We aim to be a museum where “time,” “people,” and “beauty” are connected and hope that the city of Kurume will develop further as a base where culture and art are shared and created.
This means to retain the passion of Ishibashi Shojiro, honorary citizen of Kurume City, and the sixty-year-long history and tradition of our predecessor, Ishibashi Museum of Art, plus the artistic milieu of Kurume, where pioneers such as Aoki Shigeru and Sakamoto Hanjiro were brought up, and continue to hand them down beyond generations.
We hope that all age groups from children to the elderly will gather at the museum, enjoy encounters and exchanges through the museum, and foster richness of spirit and creativity.
With our main focus on artists linked to Kurume, we shall collect and exhibit artworks turning our eyes towards the entire region of Kyushu and continue to convey the charm and pride of our hometown in the future, too.
Kurume has turned out many a fine Western-style painter from modern times onwards. Focusing on this history and also the entire region of Kyushu, we shall form a systematic collection of Kyushu yoga (Western-style painting) by artists linked to Kurume at the core.

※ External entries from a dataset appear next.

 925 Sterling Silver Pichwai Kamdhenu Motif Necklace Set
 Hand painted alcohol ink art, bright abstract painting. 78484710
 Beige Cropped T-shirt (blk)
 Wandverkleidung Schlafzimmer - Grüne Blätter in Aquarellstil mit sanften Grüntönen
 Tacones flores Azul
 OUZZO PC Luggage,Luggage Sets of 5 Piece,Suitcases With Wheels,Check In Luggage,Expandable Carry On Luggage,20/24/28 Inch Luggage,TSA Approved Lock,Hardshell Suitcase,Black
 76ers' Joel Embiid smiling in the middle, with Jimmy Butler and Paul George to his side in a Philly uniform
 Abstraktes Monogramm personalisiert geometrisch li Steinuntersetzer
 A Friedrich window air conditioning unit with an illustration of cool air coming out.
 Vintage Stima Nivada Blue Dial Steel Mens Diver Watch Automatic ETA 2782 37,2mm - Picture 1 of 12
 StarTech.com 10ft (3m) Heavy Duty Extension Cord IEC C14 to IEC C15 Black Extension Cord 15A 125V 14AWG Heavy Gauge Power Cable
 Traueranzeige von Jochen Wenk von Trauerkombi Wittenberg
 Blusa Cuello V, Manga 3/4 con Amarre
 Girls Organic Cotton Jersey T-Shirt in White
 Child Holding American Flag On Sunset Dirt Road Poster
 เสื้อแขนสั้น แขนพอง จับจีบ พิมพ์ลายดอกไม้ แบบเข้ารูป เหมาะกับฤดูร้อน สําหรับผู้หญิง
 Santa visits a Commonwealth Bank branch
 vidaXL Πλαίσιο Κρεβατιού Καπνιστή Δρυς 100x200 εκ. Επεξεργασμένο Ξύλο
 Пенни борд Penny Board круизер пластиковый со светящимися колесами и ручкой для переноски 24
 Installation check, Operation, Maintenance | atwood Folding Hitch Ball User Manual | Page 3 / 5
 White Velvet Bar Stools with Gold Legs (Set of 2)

In addition to the essential role of an art museum, which is to collect, preserve, exhibit, and survey artworks and materials, we plan to hold stimulating exhibitions making unprecedented approaches such as traveling exhibitions in conjunction with other art museums.
Utilizing our privileged location and environment, by regarding the entirety of Ishibashi Cultural Center as a single museum, we hope to coordinate joint projects involving the museum, events held in the gardens and other facilities, and other groups.
Along with efforts to attract more citizens to the museum, we shall endeavor to promote the cooperation and support of the citizens in various forms including volunteering and donations. Through such involvement, we hope to become a place referred to friendly by the citizens as “our museum.”
This studio originally stood in the city of Yame in Fukuoka and was relocated and reconstructed within Ishibashi Cultural Center in 1980. Most of Sakamoto Hanjiro’s representative works such as his series of horses and still lifes were produced in this studio. It is open to the public for limited periods in conjunction with events held within the Center.